_Work request_
Leave out any pictures and transcribe all other data below exactly.

_Provided data_
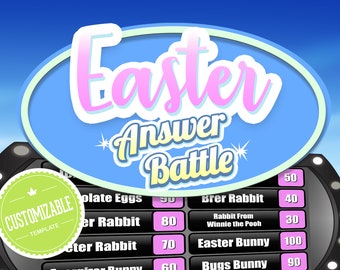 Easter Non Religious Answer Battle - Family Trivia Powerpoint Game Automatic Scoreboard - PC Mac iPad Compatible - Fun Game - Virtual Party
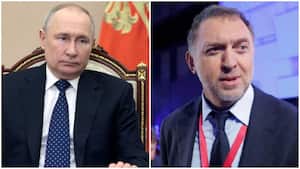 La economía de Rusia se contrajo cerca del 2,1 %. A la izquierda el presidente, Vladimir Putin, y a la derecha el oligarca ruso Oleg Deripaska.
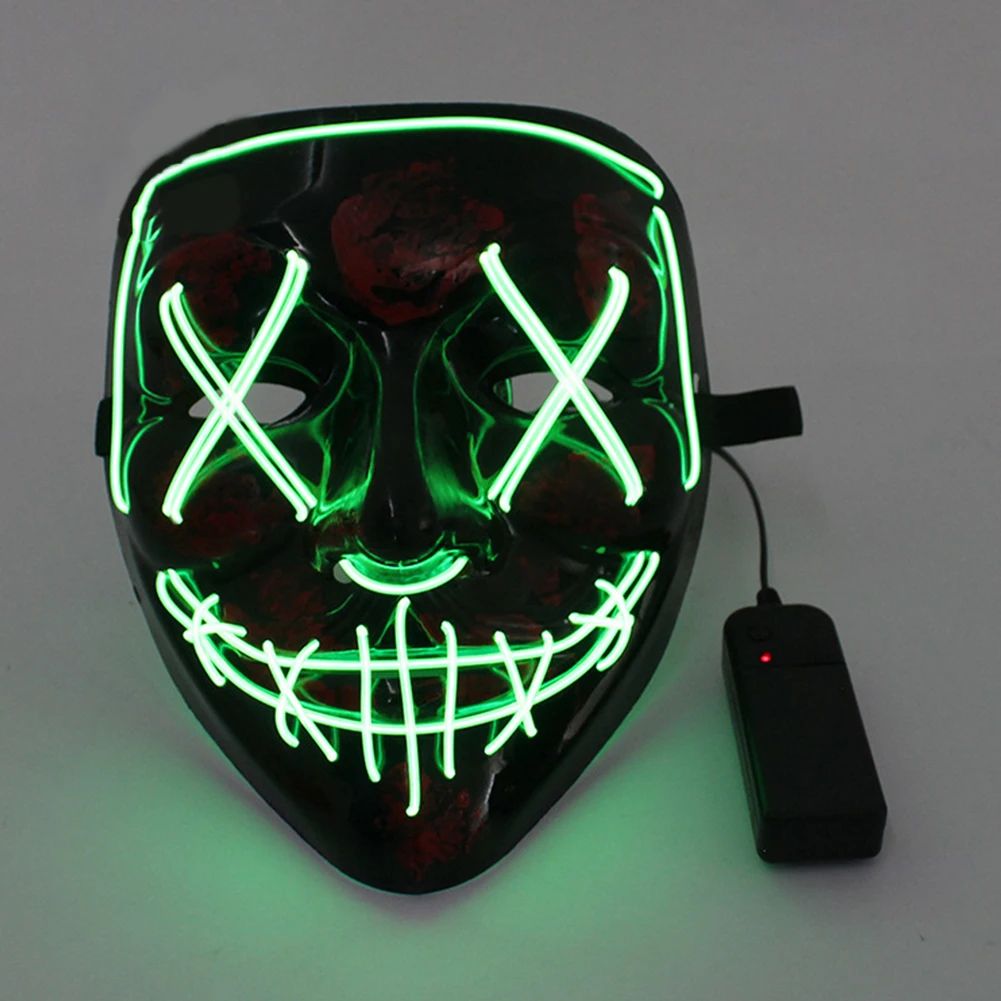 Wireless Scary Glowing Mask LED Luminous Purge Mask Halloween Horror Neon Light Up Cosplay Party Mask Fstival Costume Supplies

_Answer section_
 Easter Non Religious Answer Battle - Family Trivia Powerpoint Game Automatic Scoreboard - PC Mac iPad Compatible - Fun Game - Virtual Party
 La economía de Rusia se contrajo cerca del 2,1 %. A la izquierda el presidente, Vladimir Putin, y a la derecha el oligarca ruso Oleg Deripaska.
 Wireless Scary Glowing Mask LED Luminous Purge Mask Halloween Horror Neon Light Up Cosplay Party Mask Fstival Costume Supplies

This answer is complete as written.